Five memorable portrait documentaries you must see

July 14, 2017

Documentary films are probably the preeminent cinematic approach to film the human face. Its relationship with real life is just unavoidable; that’s why portrait documentaries make us celebrate humanity like no other form of art. Guidedoc brings you five great works that introduce us to the most memorable characters.

 

Marcela by Helena Trstikova

 

 

Filmed for over 25 years, this documentary follows an ordinary woman in socialist Czechoslovakia and later Czech Republic in her attempt to live her life with dignity. Conceived at first as an episode of a TV series on the life of married couples, the film’s firsts black and white images shows a smiling bride beside a handsome man that soon becomes Marcela’s most present nightmare.
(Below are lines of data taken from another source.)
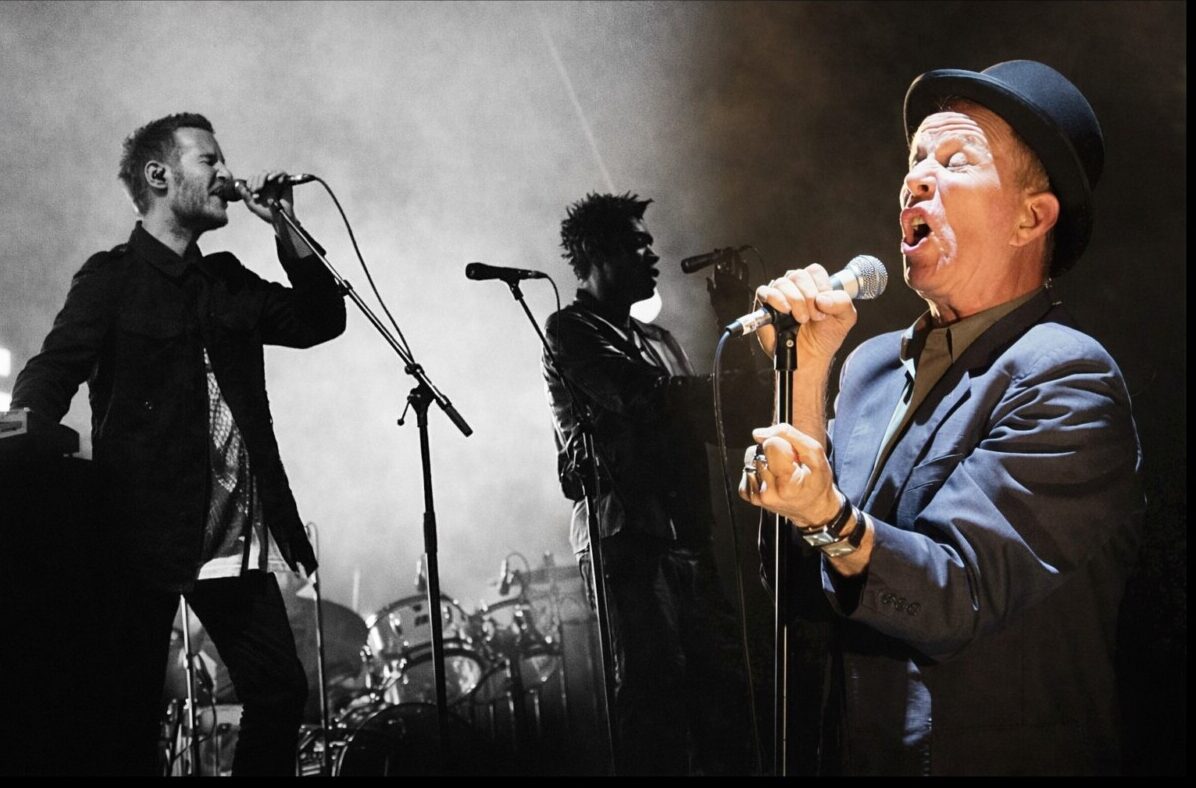 &laquo;&Mu;&pi;ό&tau;&epsilon;&sigmaf; &sigma;&tau;&omicron; έ&delta;&alpha;&phi;&omicron;&sigmaf;&raquo; / Massive Attack &kappa;&alpha;&iota; Tom Waits &sigma;&epsilon; &nu;έ&omicron; &tau;&rho;&alpha;&gamma;&omicron;ύ&delta;&iota; &epsilon;&nu;ά&nu;&tau;&iota;&alpha; &sigma;&tau;&eta; &sigma;&tau;&rho;&alpha;&tau;&iota;&omega;&tau;&iota;&kappa;&omicron;&pi;&omicron;ί&eta;&sigma;&eta; &kappa;&alpha;&iota; &tau;&omicron;&nu; &kappa;&rho;&alpha;&tau;&iota;&kappa;ό &alpha;&upsilon;&tau;&alpha;&rho;&chi;&iota;&sigma;&mu;ό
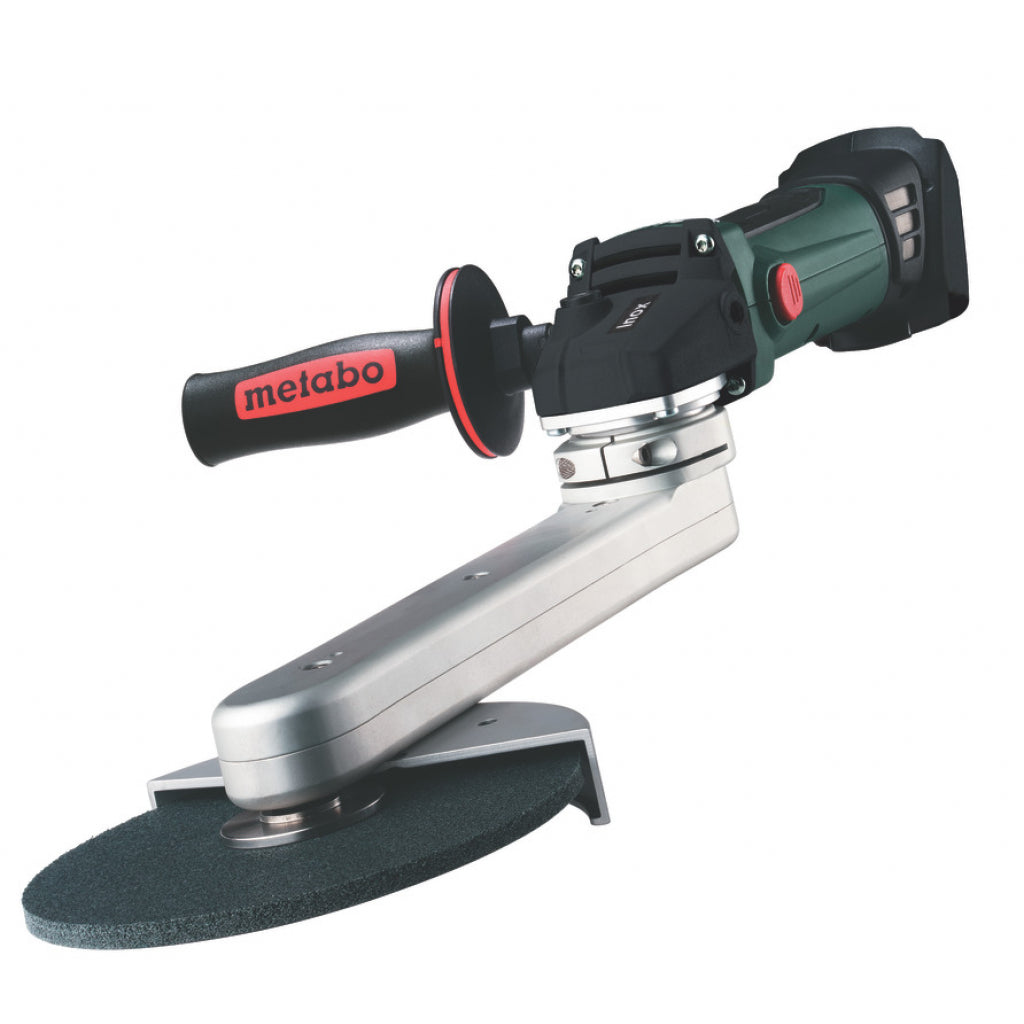 Ъглошлайф акум. удължен 150 mm METABO KNS 18 LTX 150 Solo - снимка 3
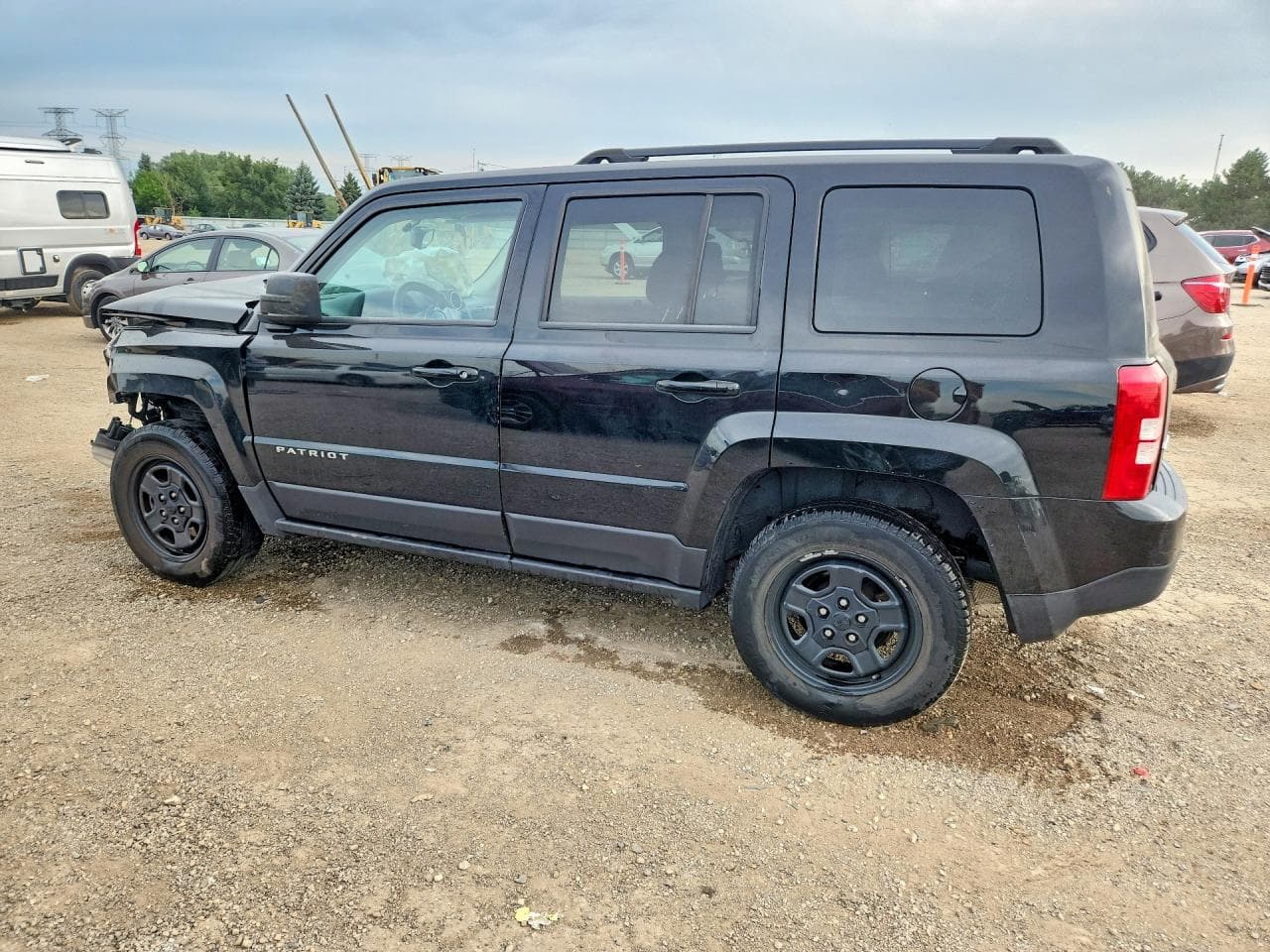2015 Jeep Patriot Sport - foto 2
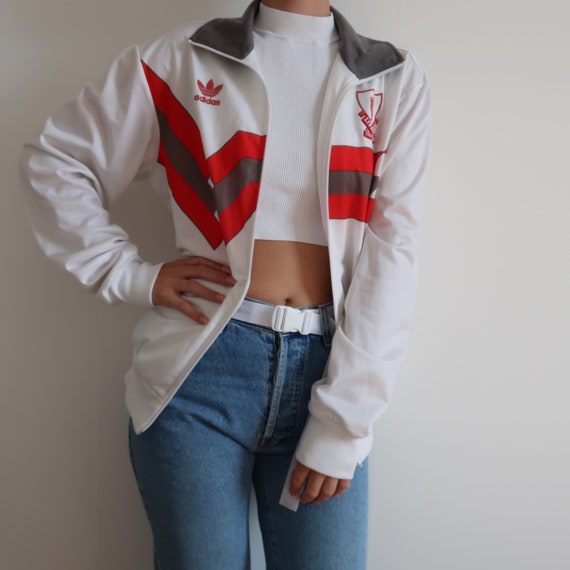 De S Veste Adidas Sport 00 Liverpool Survêtement Cardigan Football ZfpqwOP1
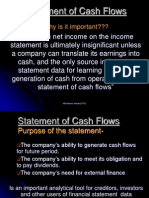 Statement of Cash Flows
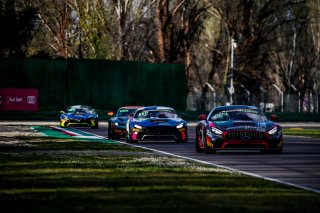 #15 NM Racing Team Mercedes AMG GT4 Lluc Ibañez ESP Enzo Joulié  FRA Silver Cup, GT4, Race 1
 | SRO / TWENTY-ONE CREATION - Jules Benichou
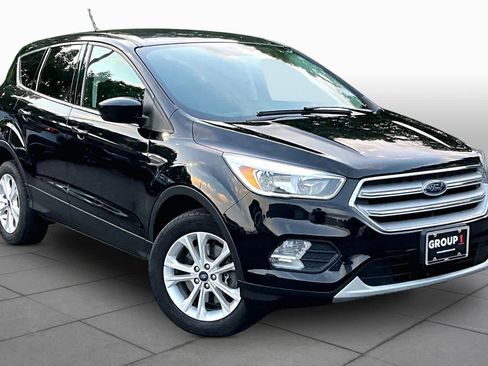 Used 2019 Ford Escape SE AWD/4WD image 3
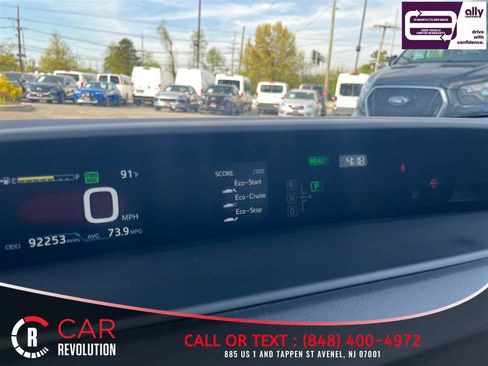 Used 2020 Toyota Prius Prime LE FWD image 14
The divorce would only be the first obstacle of her adulthood. The color of the digital era comes to show us Ivana and Tomas, Marcela's daughter and son. Later, there is an unexpected breakthrough: Marcela must face the death of one of her children. In what could be an unknown diamond of contemporary documentary, the film makes us question the very essence of life under the scrutiny of a memorable existence.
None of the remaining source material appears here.